PROBLEM TO WORK ON: The records below need to be set down again exactly; their images stay out.

RECORDS FOR THIS TASK:
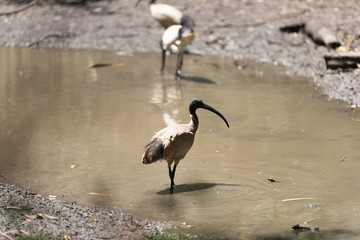 Vogel mit großem Schnabel steht im Wasser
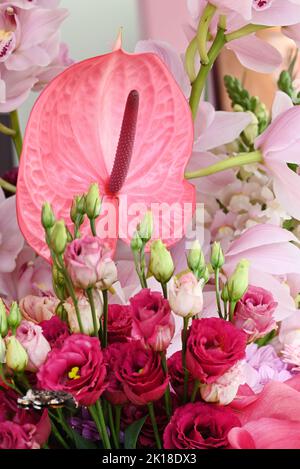 Fiore di Anthurium rosa in una bella composizione floreale. Foto Stock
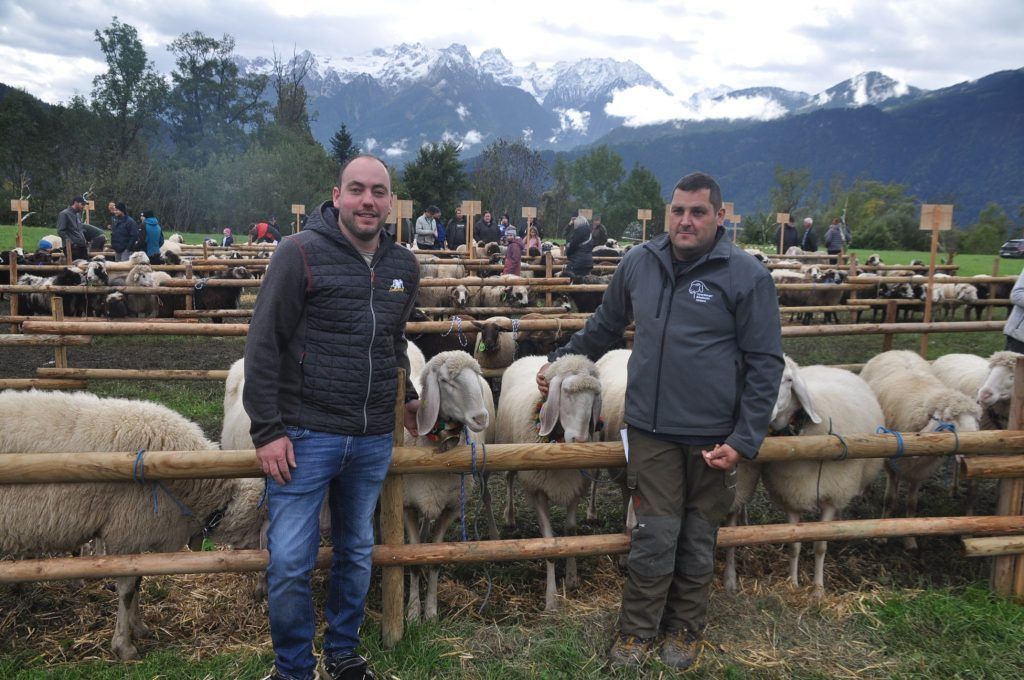 Schafzuchtverein Bludenz und Umgebung stellte aus
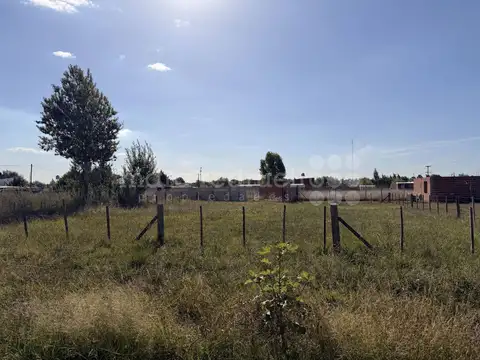 GUIRALDES 100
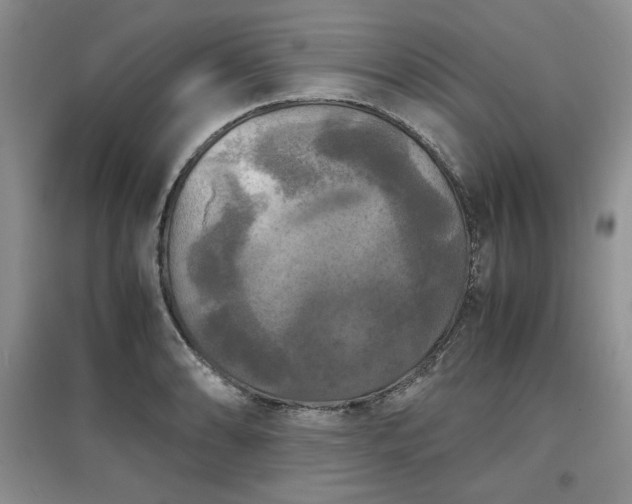 X0000097601086200803071425
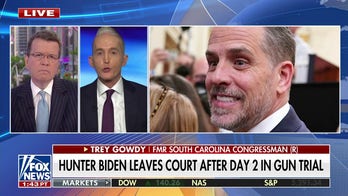 Trey Gowdy says you can 'rule this out' in the Hunter Biden gun trial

ANSWER TO THIS EXERCISE:
 Vogel mit großem Schnabel steht im Wasser
 Fiore di Anthurium rosa in una bella composizione floreale. Foto Stock
 Schafzuchtverein Bludenz und Umgebung stellte aus
 GUIRALDES 100
 X0000097601086200803071425
 Trey Gowdy says you can 'rule this out' in the Hunter Biden gun trial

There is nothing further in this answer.